Recent nutritional wisdom has portrayed conflicting views when it comes to the idea of “snacking.” Most women’s magazines praise the virtues of small meals throughout the day, while current bestseller The Fast Diet touts stretching as much time as possible between meals without so much as a nibble. The Fast Metabolism Diet recommends eating six times daily in order to turn your body into a “fat-burning furnace,” while Mireille Guiliano claims that avoiding snacks is one of the key reasons why French women simply don’t get fat. So what’s a girl to do with all these mixed messages? Ultimately, I think it comes down to listening to your own body and learning to distinguish when we’re really hungry. Some of us are ravenous at breakfast and some are hungrier at dinner; certain lifestyles demand smaller, more frequent meals, while others allow for a long lunch that will tide you over through the entire afternoon. I find that I almost always need a little boost around 3 or 4pm, so I’ve made it a point to stock the pantry with a few healthy, go-to items (some salty, some sweet) that feel like a treat and will keep mindless grazing at bay. Click through for all my current favorites…
Popcorn with Sea Salt + Chili
Popcorn is one of those magical foods that tastes very snack-y and even a little naughty… yet is surprisingly low in calories and full of fiber and antioxidants. Perfect for those days when the munchies try to get the best of you. Just make sure you use “naked” air-popped popcorn, since flavored kinds can be doused in lots of oils and ingredients that are difficult to pronounce (never a good sign.) I love to sprinkle mine with sea salt and little hit of chili powder.
Dark Chocolate Squares & Clementine Segments
Anyone else obsessed with the combination of dark chocolate and orange? This favorite snack of mine combines those flavors into one, satisfyingly guilt-free bite. Clementines are a sweet, easy-to-eat Vitamin C powerhouse that comes in at a measly 35 calories, and of course we all rejoiced the day that the experts announced the antioxidants found in dark chocolate. Since this is about quality over quantity (1 small square of chocolate should do you) buy the best dark chocolate bar you can get your hands on.
There’s truly nothing better than a crispy, crunchy snack for mindless munching on the road or on the coffee table at a family gathering. Packed with protein, these bites also add a pop of flavor to a soup or salad.
For those afternoons when I need something sweet, GoodPops are my favorite way to satisfy the urge. The coffee flavor, clocking in at just 96 calories, makes me feel like a just dug into a bowl of java ice cream…and it’s got just enough locally-roasted organic coldbrewed coffee to give me the caffeine kick I need to push through the afternoon slump.
Many granola bars are highly-processed and full of sugar, so I love knowing that when I grab a KIND bar, I’m consuming straightforward whole ingredients like fruit, nuts and honey.

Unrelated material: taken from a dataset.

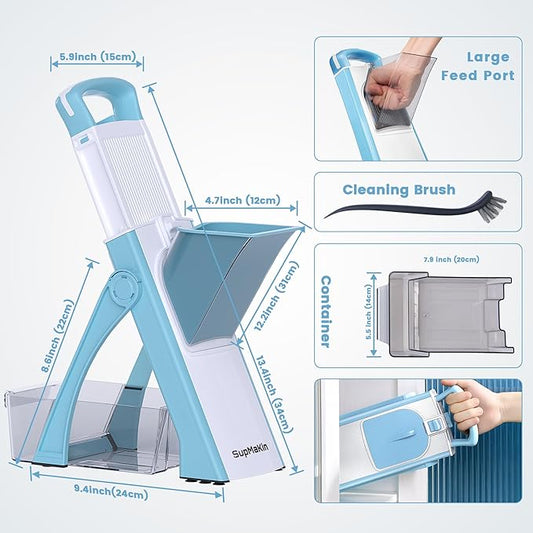 SupMaKin Upgrade Safe Mandoline Slicer Plus Kitchen Chopper Blue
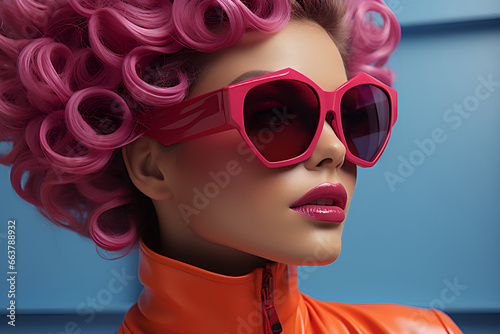 Fashionable girl with pink curly hair  stylish  wearing bright sunglasses in an orange suit  fashion trends  magazine cover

Nothing weird, nothing scary. Pomegranate Blueberry Pistachio and Dark Chocolate Cherry Cashew with Antioxidants are my faves.
Roasted Almonds + Dried Apricots
I eat a crazy amount of almonds each day, and I love the combination of roasted, unsalted ones with chopped dried apricots for a quick and healthy “trail mix” I can munch at my desk.
Kashi GoLean Hot Cereal
These little 150-calorie packs of goodness are full of whole oats, flaxseeds, barley and red wheat, and boast 9 grams of protein and 7 grams of fiber per pack. They’re the perfect mid-morning snack when you don’t have time for a good breakfast and can’t make it through until lunch without something warm and cozy.

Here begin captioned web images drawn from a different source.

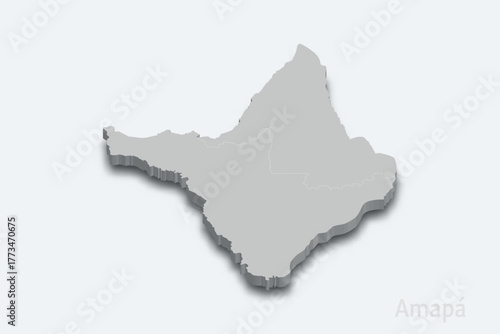 Amapa 3d map with borders regions. State of Brazil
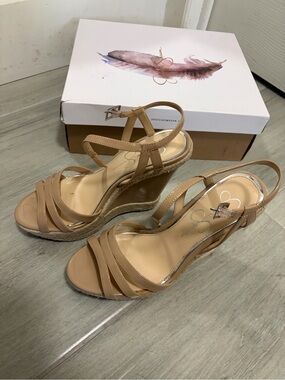 Jessica Simpson Neutral Almond Espadrille Wedge Sandals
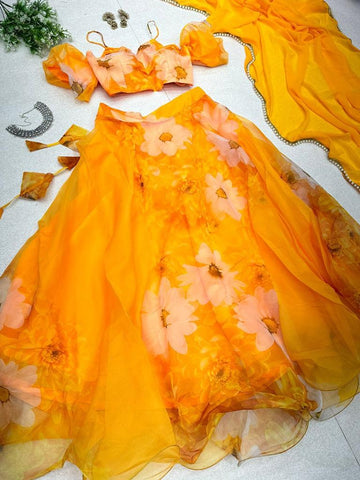 Special Haldi crop top with lengha & dupatta Yellow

Pumpkin Seeds and Blueberries
I love the satisfyingly salty crunch of pumpkin seeds paired with a handful of sweet, juicy blueberries. Researchers keep discovering new pumpkin seed benefits all the time — these tiny powerhouses are bursting with magnesium, protein and zinc, plus loads of antioxidants. Blueberries, for their part, have some of the highest concentrations of antioxidants of any fruits or vegetables, and they’re low on the glycemic index which means they won’t send blood sugar soaring. Best of all, these are both whole foods that don’t require prep work or refrigeration, making them one of the best grab-and-go snacks around.

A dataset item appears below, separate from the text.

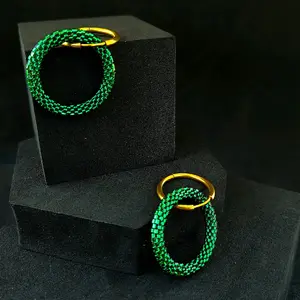 Green Beaded Emerald Congo Style Earrings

These crunchy slices of dried orange, apple and pear slices are like eating chips, only tastier, gluten-free and a whole lot healthier. Great on their own, they’re also a perfect accompaniment to cheese and wine (happy hour snacks, anyone?)
These nutritional powerhouses will have you saying goodbye to the potato chip for good. I’ve been dipping my low-cal, fiber-rich veggie chips in hummus and greek yogurt, or I enjoy simply squeezing a lemon over the kale on its own. Not to mention, you’ll get the same crunch without worrying about high sodium content.